### Data excerpts
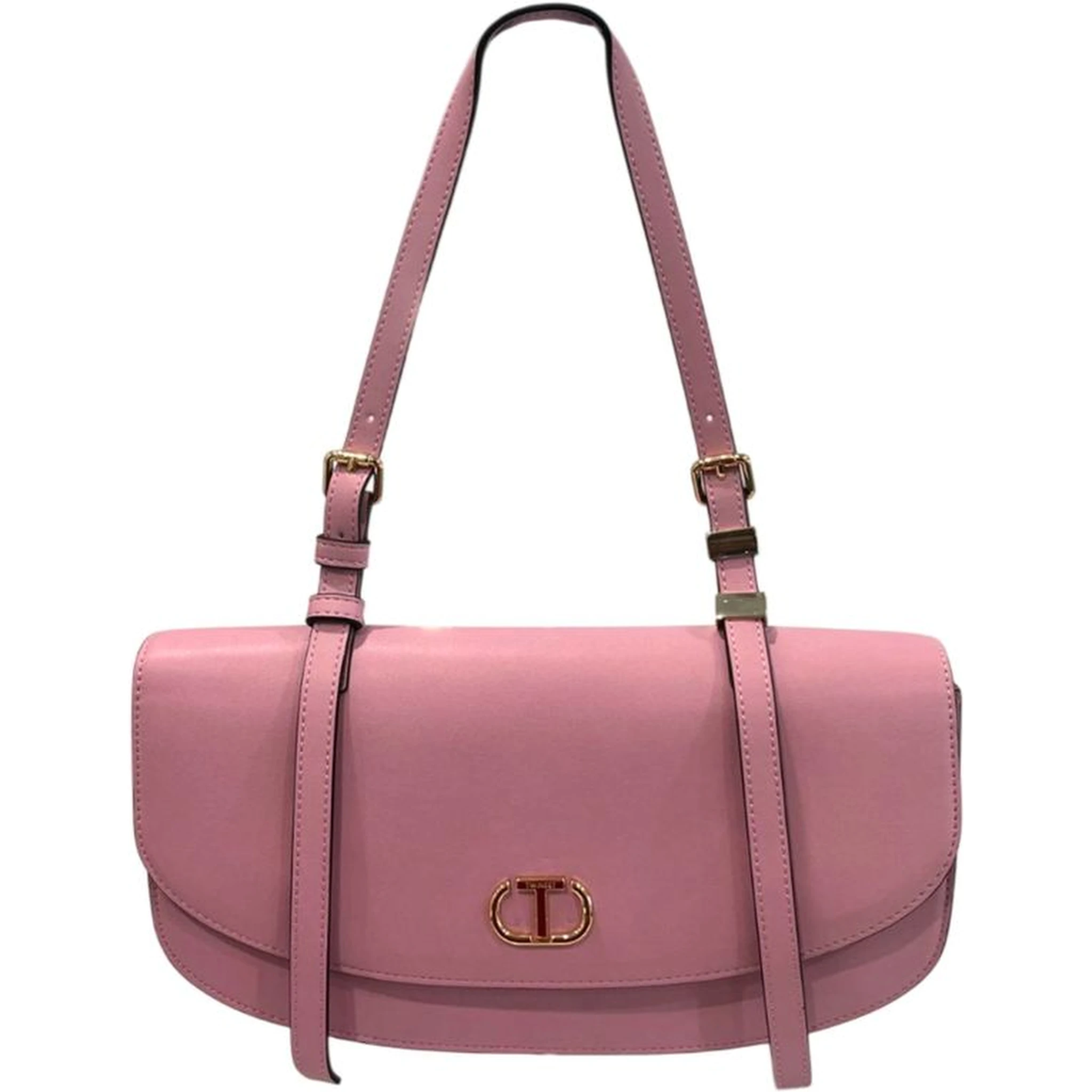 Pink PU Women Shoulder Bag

* * *

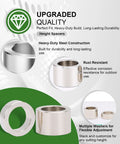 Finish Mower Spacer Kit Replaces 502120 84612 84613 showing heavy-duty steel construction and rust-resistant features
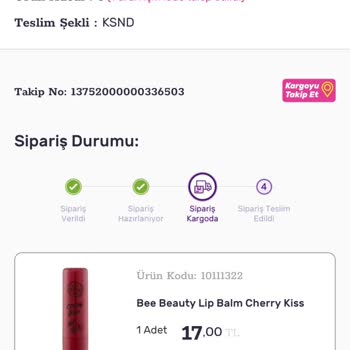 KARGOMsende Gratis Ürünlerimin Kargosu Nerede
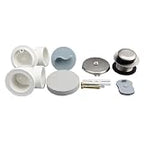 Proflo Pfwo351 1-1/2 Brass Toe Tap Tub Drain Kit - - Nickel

---

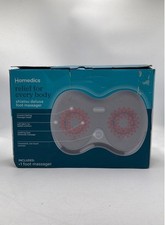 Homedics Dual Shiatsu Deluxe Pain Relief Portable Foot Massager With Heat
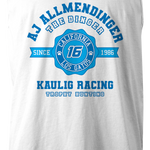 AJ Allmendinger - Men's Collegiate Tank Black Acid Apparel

### To do
Repeat the lines above exactly, beginning with the one containing "Homedics Dual Shiatsu" and finishing with the one containing "AJ Allmendinger - Men's". No pictures belong in the copy.

### Result of the task
 Homedics Dual Shiatsu Deluxe Pain Relief Portable Foot Massager With Heat
 AJ Allmendinger - Men's Collegiate Tank Black Acid Apparel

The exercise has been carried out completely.